Direct manipulation of a 3D object can be contrasted, in terms of information content, to using widget-based interaction with many overlapping windows. In both cases, the information is stored in three dimensions and the screen simply shows a two-dimensional slice through the data. In the overlapping windows case, one must search the three-dimensional space by laboriously popping up different windows until the desired one is found. In the 3D direct-manipulation case, we are able to view a perspective rendering of the three-dimensional information space and move about freely within it, observing it from any angle. Since this is closer to what we do in the real world, we are better equipped to interact with a computer in this way.

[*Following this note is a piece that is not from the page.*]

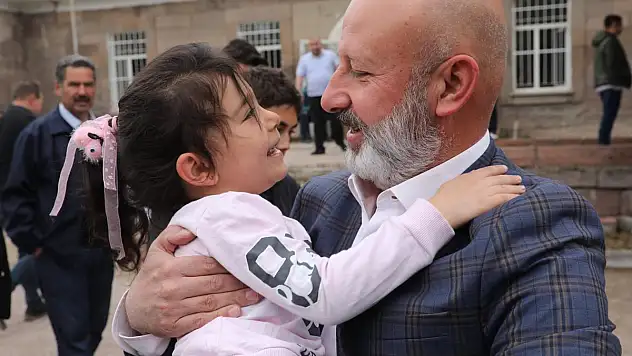 BAŞKAN ÇOLAKBAYRAKDAR'IN ÇOCUK SEVGİSİ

A second, and somewhat surprising conclusion arrived at from building and using the LEMAN system is the interactive modeling capabilities presented by direct manipulation of a physical simulation in real time. The original attraction to physically-based techniques was because of its potential to enhance the quality of animation by making it more natural. It was therefore surprising to find out that it also made interaction more natural, and often made what would have been complex interactive tasks quite simple. For example, one important interactive task in building a layered elastic character is binding the skin to the muscle layer. This requires finding a mapping from every point on the elastic surface to a point on the muscle layer, a layer which has not topological similarity at all with a rectangular mesh surface. Using the LEMAN system, however, this turned out to be quite a simple task, as long as the physical simulation is running. By wrapping the elastic surface around the muscle layer initially and shrinking it with the reaction constraints turned on, the skin surface eventually finds an energy minimum where it is more-or-less equally distributed around the muscle layer. Binding therefore simply consists of attaching each skin mass point to its nearest perpendicular muscle surface point. By adjusting the position of the articulated figure when the binding operation is done, different types of skin attachments can be made. This kind of physically-based CAD technique may have considerable potential not only in animation, but in other fields as well, for example in general surface modeling.

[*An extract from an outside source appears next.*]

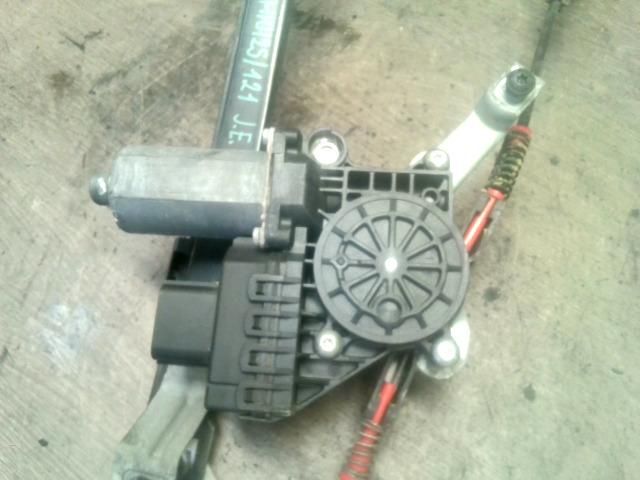 bontott FORD MONDEO III Jobb első Ablakemelő Szerkezet (Elektromos)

These experiences reinforced the belief that layered elastic models, such as the elastic surface layer model, are a promising approach to constructing animated three-dimensional characters. By using 3D interactive techniques to manipulate the physical model as the simulation progresses, an animator can rapidly build and animate complex characters. Making the computer a genuinely useful and creative tool in the hands of a character animator requires a variety of modeling techniques combined in the right way and manipulated using the proper interaction metaphors. How to do this can only be determined by experimenting with the various possibilities. By building test systems such as LEMAN, in which various types of interactive construction and animation techniques can be explored, practical software tools for creating expressive character animation can be built.

The LEMAN system is a prototype, however, and does not yet present a practical system for 3D character animation. One of the main limitations, in particular, is the finite difference mesh, which has topological restrictions making it difficult to create surfaces with thin appendages (like arms and legs). Moving to a finite element discretization should remove these restrictions. Addition of self-collision detection to the skin would allow greater deformations at the joints and more pronounced wrinkling. Adding dynamic properties to other layers such as the fat and muscle layers would also enhance realism, as well as using some more advanced skeleton animation methods.